- _Task requirements_:
For the data below, transcribe the part that opens with the line containing "UGG Men's Ascot Leather Slippers 9" and closes with the line containing "Townhouse For Sale", exactly and with no pictures.

- _Recorded data_:
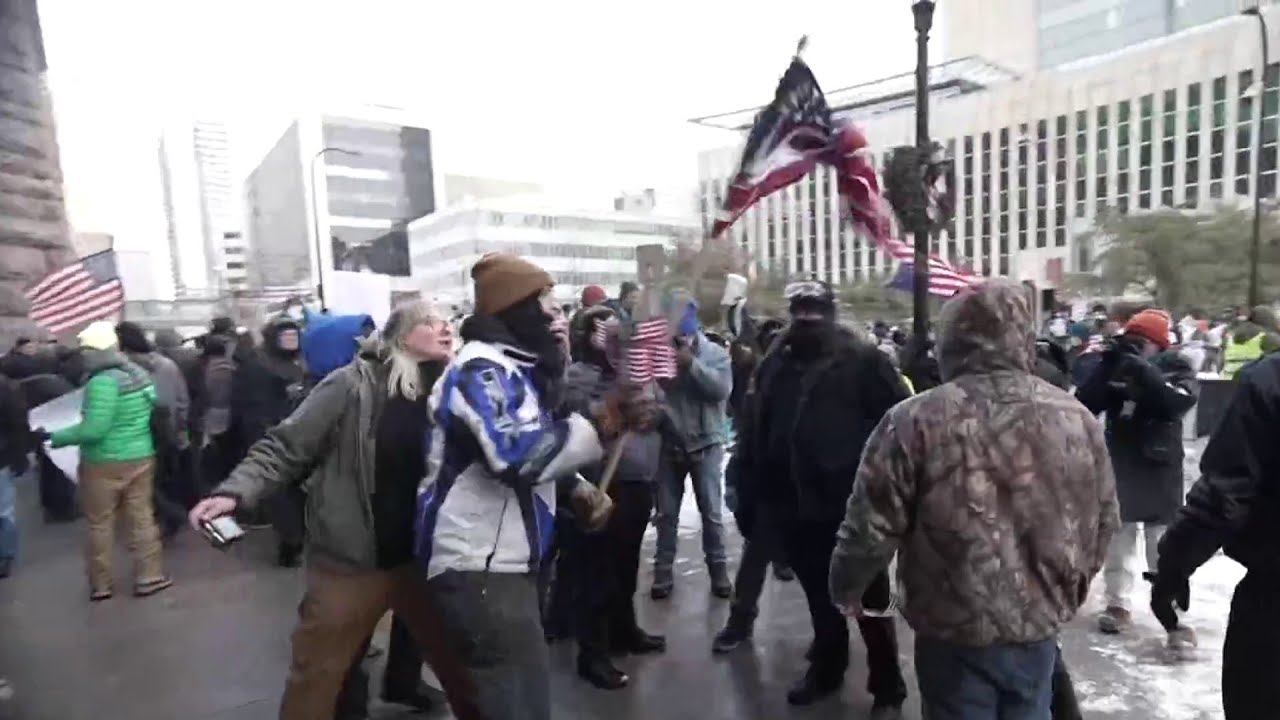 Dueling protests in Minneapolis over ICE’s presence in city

...

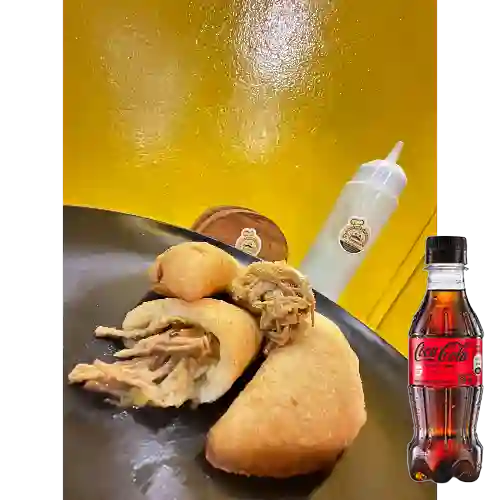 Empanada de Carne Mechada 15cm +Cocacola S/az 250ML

---

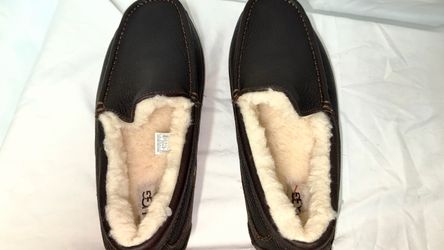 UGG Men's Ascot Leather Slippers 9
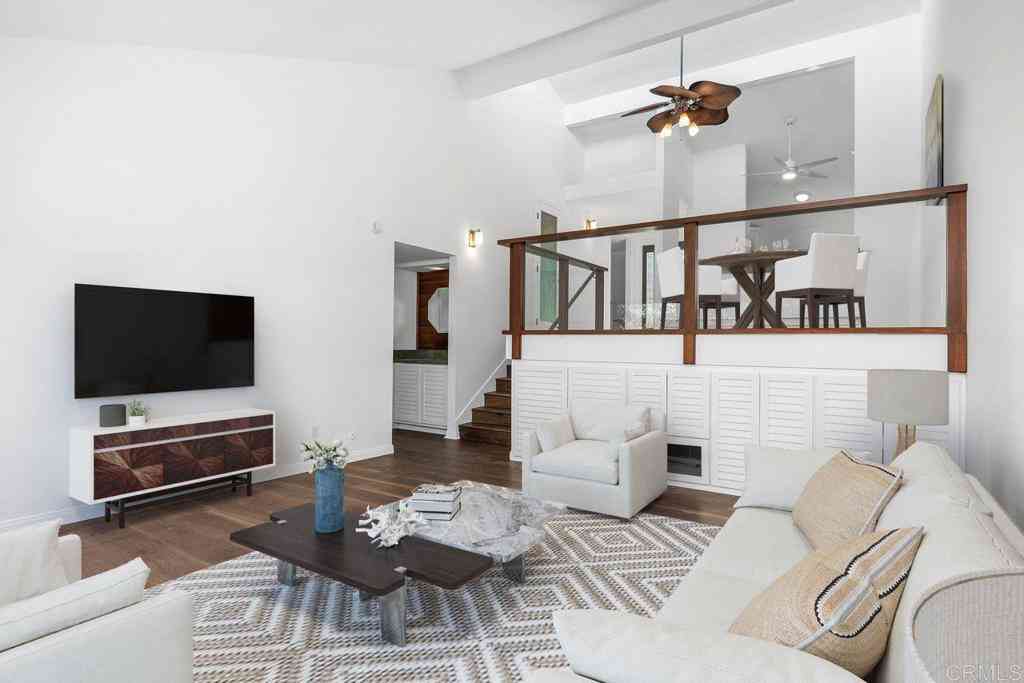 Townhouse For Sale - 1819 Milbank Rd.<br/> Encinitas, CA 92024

- _Exercise result_:
 UGG Men's Ascot Leather Slippers 9
 Townhouse For Sale - 1819 Milbank Rd.<br/> Encinitas, CA 92024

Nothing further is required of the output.